- [Problem] Using the data below, return the stretch from the line that contains "Redtail Hawk Drawing, Red" through the line that contains "犬のしつけ教室・出張レッスン", both included, exactly as it stands and nothing beyond it.

- [Supplied entries]
+++++

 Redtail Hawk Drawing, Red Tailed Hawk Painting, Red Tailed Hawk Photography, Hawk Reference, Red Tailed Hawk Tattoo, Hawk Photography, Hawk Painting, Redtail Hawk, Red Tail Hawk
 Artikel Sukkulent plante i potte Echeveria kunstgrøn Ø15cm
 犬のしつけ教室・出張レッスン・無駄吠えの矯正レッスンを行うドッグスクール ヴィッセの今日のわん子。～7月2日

+++++

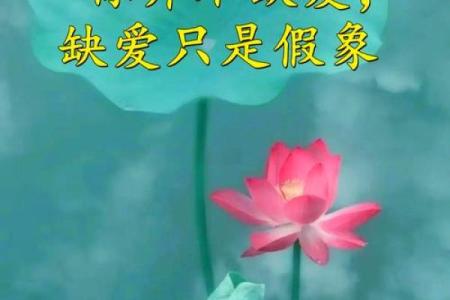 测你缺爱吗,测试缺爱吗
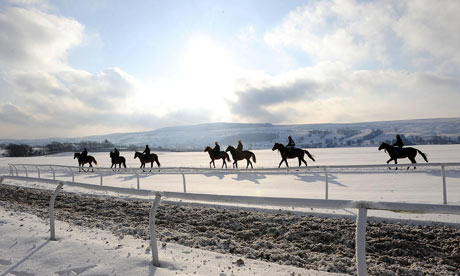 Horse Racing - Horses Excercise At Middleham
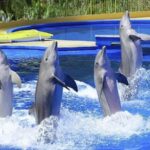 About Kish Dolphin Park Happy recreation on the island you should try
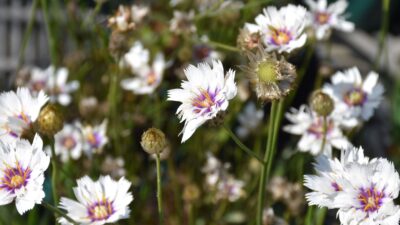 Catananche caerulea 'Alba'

+++++

- [Solution to this problem]
 Redtail Hawk Drawing, Red Tailed Hawk Painting, Red Tailed Hawk Photography, Hawk Reference, Red Tailed Hawk Tattoo, Hawk Photography, Hawk Painting, Redtail Hawk, Red Tail Hawk
 Artikel Sukkulent plante i potte Echeveria kunstgrøn Ø15cm
 犬のしつけ教室・出張レッスン・無駄吠えの矯正レッスンを行うドッグスクール ヴィッセの今日のわん子。～7月2日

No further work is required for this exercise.